Cameron llega exigiendo una congelación del presupuesto en términos reales. Las cifras no están demasiado alejadas. La última propuesta del presidente del Consejo, Herman van Rompuy, ha caído ya a 940.000 millones de euros en términos de límite de pagos (aunque en torno al billón en términos de compromisos). Por encima de los 886.000 millones que Downing Street manejaba hace semanas (aunque ya nunca menciona esa cifra), pero por debajo de los 943.000 millones del periodo 2007-13.
¿Suficiente para que Cameron pueda cantar victoria, sobre todo si se añade un recorte adicional, aunque sea simbólico, que penalice a los burócratas de Bruselas? ¿Aceptable para países que necesitan los fondos europeos para recortar distancias, como Polonia, o que se ven en la paradoja de convertirse en contribuyentes netos cuando más necesitan la ayuda de Europa, como España? Está por ver.
En el camino, sin embargo, hay otras trampas para el primer ministro británico. En unas municipales todos cantan victoria, pero la oposición, o los enemigos que uno tiene en casa, siempre encuentran argumentos para denunciar derrotas. Y el cheque británico es uno de los factores que pueden amargarle la negociación a David Cameron. ¿Por qué, si tanto predica el ajuste, no da ejemplo sacrificándolo? Porque lo que para los continentales es un anacronismo histórico que ya no tiene justificación, para los británicos, no digamos ya los tories, es un símbolo nacional que está a un nivel mitológico, casi cercano a Winston Churchill.

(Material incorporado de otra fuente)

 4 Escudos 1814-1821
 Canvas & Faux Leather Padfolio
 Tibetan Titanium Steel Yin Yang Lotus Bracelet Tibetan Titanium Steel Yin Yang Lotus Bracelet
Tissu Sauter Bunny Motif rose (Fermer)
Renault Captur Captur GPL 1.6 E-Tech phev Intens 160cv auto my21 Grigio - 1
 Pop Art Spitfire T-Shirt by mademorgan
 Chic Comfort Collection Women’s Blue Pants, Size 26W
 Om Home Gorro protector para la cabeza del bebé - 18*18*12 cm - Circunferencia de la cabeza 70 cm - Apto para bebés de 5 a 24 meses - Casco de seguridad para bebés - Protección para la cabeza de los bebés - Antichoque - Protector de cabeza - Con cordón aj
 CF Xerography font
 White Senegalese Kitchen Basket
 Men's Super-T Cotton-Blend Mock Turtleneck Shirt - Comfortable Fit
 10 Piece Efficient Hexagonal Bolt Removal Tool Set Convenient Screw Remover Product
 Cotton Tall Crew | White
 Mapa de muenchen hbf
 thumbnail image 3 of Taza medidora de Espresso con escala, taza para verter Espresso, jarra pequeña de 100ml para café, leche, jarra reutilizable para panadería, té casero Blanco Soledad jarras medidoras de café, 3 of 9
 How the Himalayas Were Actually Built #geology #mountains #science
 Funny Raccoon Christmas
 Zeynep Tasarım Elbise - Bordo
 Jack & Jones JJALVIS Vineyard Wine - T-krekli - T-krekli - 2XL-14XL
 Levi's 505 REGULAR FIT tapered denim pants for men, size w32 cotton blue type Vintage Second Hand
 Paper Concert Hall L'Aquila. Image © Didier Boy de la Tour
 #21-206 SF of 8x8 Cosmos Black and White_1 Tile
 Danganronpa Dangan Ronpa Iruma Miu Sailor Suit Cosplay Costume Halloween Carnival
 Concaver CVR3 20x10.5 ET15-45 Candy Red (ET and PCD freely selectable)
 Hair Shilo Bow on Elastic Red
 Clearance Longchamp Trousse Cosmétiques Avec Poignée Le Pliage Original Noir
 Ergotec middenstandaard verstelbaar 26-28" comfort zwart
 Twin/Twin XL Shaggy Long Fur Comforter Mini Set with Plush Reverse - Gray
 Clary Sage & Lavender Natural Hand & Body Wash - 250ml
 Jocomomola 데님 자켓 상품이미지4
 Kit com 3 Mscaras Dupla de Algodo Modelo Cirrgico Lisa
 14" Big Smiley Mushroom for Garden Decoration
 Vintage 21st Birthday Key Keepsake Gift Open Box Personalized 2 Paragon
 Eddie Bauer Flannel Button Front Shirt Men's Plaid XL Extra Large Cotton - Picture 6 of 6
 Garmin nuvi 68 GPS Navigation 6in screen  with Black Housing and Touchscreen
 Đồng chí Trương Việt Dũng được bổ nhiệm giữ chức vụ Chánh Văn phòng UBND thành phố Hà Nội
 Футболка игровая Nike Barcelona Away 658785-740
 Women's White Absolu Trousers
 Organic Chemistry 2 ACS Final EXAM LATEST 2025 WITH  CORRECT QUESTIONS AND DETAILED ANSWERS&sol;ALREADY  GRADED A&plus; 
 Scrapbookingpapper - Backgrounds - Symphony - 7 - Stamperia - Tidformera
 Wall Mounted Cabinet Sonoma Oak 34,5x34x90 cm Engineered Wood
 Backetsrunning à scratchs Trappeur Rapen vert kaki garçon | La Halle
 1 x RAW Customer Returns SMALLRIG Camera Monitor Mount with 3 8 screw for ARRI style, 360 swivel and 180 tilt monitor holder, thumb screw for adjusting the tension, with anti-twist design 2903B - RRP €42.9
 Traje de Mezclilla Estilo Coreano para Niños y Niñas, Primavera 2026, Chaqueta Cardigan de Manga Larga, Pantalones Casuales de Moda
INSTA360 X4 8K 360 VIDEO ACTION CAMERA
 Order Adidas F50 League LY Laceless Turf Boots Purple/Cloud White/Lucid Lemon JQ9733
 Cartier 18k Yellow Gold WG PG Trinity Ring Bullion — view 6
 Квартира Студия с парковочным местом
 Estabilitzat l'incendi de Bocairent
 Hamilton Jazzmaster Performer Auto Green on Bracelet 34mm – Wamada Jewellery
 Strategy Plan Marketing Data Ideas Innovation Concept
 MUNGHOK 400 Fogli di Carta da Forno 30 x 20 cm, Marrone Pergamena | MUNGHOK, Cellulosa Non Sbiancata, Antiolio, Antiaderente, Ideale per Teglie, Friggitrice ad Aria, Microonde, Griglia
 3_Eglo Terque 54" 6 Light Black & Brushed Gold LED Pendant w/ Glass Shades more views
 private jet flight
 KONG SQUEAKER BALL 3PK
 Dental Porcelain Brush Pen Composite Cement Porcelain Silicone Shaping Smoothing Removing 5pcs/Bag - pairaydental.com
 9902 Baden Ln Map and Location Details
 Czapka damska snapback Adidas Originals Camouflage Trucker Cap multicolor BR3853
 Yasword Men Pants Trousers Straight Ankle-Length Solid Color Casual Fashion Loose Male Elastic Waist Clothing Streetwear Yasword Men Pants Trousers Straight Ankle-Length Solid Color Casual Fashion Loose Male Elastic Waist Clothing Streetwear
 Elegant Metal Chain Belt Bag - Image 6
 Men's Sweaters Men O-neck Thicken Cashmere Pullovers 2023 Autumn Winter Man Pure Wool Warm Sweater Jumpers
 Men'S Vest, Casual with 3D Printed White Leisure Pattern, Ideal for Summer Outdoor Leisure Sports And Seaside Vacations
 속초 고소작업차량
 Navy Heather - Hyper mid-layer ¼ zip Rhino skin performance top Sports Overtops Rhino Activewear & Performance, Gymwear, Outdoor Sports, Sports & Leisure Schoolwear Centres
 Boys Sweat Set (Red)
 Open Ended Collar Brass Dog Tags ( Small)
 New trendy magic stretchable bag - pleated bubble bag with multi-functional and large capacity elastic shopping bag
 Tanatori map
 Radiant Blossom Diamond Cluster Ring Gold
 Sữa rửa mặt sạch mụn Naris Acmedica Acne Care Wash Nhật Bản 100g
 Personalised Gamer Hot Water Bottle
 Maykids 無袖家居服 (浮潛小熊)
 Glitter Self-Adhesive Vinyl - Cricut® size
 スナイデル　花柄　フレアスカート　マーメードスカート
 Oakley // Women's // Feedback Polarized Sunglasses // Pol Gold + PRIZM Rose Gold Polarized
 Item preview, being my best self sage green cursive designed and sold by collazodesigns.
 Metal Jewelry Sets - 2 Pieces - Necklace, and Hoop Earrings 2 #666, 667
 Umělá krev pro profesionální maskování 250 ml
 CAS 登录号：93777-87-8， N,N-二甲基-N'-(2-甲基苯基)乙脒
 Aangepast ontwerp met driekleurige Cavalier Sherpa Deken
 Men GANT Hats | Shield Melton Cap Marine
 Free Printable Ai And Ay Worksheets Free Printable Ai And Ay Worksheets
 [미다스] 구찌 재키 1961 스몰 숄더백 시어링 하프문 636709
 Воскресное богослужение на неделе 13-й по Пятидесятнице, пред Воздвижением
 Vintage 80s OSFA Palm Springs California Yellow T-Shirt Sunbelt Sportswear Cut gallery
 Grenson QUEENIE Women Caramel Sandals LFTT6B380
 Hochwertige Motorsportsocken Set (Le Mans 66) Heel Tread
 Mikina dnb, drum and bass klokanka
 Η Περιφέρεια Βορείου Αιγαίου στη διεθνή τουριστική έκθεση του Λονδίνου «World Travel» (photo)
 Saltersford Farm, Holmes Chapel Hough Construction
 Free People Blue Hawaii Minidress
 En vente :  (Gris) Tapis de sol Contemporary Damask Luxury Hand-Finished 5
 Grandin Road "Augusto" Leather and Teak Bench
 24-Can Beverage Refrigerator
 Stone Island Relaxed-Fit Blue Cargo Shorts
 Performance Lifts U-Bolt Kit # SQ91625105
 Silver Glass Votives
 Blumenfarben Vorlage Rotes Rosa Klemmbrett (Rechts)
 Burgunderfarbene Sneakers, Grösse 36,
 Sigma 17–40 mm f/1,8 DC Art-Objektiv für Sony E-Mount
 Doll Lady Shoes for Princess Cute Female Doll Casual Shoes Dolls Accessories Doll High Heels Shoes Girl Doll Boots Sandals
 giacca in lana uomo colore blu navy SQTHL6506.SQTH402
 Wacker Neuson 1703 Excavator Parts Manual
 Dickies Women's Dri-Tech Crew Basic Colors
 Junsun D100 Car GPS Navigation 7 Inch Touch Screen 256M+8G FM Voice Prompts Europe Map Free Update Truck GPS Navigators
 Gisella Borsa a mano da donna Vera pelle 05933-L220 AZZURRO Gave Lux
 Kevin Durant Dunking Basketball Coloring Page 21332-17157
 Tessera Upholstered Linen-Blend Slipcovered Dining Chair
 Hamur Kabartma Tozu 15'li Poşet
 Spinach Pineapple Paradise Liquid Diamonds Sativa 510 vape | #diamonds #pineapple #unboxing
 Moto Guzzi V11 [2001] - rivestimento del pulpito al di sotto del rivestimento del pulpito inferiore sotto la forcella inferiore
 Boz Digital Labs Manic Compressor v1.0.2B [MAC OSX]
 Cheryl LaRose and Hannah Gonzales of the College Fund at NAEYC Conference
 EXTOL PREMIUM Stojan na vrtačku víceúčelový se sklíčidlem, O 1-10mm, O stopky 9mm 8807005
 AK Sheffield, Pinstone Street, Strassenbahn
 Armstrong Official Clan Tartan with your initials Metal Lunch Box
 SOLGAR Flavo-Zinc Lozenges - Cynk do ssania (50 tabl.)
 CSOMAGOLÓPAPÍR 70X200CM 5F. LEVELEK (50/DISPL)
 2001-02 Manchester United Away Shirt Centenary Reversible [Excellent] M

El cheque lo obtuvo Margaret Thatcher en Fontainebleau en 1984 al grito de “quiero que me devuelvan mi dinero”. Los británicos no pagaban ni un duro más de lo que les correspondía, pero apenas se beneficiaban de las ayudas de la política agrícola común (PAC), que consumía en aquella época el 80% del presupuesto comunitario. Ahora el peso del gasto agrícola apenas supera el 40%, pero los británicos, que lo obtuvieron a perpetuidad, siguen agarrados al cheque y solo admiten recortes con cuenta gotas, como hizo Tony Blair en 2005. Hoy aún supone 3.600 millones de euros al año, lo que les permite reducir su contribución neta a 7.300 millones, a medio camino entre Alemania (11.000) y Francia e Italia (6.200 millones de euros).
Como siempre que se negocia el paquete presupuestario, el cheque está en boca de todos. Hay argumentos políticos sobrados para renunciar a él o a gran parte de él. Por ejemplo, el dinero comunitario se utiliza ahora sobre todo para ayudar al desarrollo de los países más pobres. Y la parte del león se la llevan los de Europa del Este, cuya entrada Londres defendió con tanto ahínco en su día con el objetivo de ayudar a quienes sufrieron el yugo soviético pero también —o quizás, sobre todo…— diluir la construcción europea ampliando su ámbito geográfico. Pero no hay tabloide británico que compre esos argumentos…
Walter Oppenheimer
Londres, El País
David Cameron llega hoy a Bruselas con la imagen que más le gusta a un primer ministro británico: enarbolando la bandera del veto y con todos apuntándole a él como el problema. Pero el problema, esta vez, es que efectivamente puede llegar a ser un problema.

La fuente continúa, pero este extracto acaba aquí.